En el camino de vuelta a Dod, barajo las fotografías del Princeton Battlefield. Foto tras foto he sorprendido a Katie en pleno movimiento, corriendo hacia mí con el pelo flotando en el aire y la boca medio abierta, con las palabras atrapadas en el registro de la experiencia que la cámara es incapaz de capturar. La alegría de estas fotos consiste en el placer de imaginar su voz en ellas. Dentro de doce horas la veré en el Ivy; la llevaré al baile que ha estado esperando casi desde que nos conocimos, y sé lo que quiere que le diga. Que he tomado una decisión y soy capaz de cumplirla; que he aprendido la lección.
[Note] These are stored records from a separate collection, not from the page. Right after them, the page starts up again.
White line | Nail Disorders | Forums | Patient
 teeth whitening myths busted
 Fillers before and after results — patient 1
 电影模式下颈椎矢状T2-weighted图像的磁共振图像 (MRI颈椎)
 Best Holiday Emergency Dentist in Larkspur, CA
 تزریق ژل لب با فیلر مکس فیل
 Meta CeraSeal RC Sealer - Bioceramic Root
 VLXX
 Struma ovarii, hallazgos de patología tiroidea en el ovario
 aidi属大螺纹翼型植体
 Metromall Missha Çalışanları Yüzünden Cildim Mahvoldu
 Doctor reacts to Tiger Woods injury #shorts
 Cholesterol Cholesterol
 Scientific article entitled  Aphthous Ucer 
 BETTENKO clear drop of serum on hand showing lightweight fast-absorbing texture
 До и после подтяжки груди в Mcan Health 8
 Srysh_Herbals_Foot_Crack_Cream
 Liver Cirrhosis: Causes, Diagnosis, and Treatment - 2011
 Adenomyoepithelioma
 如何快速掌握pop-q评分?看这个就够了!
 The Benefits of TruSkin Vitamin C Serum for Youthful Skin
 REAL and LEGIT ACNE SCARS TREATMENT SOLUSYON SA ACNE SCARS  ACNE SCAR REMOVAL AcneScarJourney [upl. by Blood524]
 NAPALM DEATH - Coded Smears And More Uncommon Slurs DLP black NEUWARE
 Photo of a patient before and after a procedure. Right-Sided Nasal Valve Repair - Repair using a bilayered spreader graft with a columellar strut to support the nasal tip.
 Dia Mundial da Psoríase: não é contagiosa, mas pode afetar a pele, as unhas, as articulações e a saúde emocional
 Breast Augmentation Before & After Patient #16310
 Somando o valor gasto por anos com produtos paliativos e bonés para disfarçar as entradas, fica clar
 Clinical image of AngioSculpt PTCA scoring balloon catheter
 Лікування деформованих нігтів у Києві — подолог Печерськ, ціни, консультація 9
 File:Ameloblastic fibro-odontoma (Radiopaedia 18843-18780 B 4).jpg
Que no regresaré a la Hypnerotomachia.

Cuando llego a la habitación, esperando encontrar a Paul en su escritorio, su litera sigue vacía, y ahora los libros de su tocador han desaparecido. Pegada con celo a la parte superior del marco de la puerta hay una nota redactada en letras grandes y rojas: Tom,

¿Dónde estás? He vuelto para buscarte. ¡He resuelto 4S-10E-2N-6O! Voy a buscar un topógrafo en Firestone, luego a McCosh. Vincent dice tener el plano. 10.15.

P.

Leo el mensaje de nuevo, tratando de hacer encajar las piezas. El sótano de McCosh Hall es donde está el despacho de Taft. Pero la última línea me deja paralizado: Vincent dice tener el plano. Levanto el teléfono y llamo a la sede de los servicios médicos. Charlie se pone al teléfono en cuestión de segundos.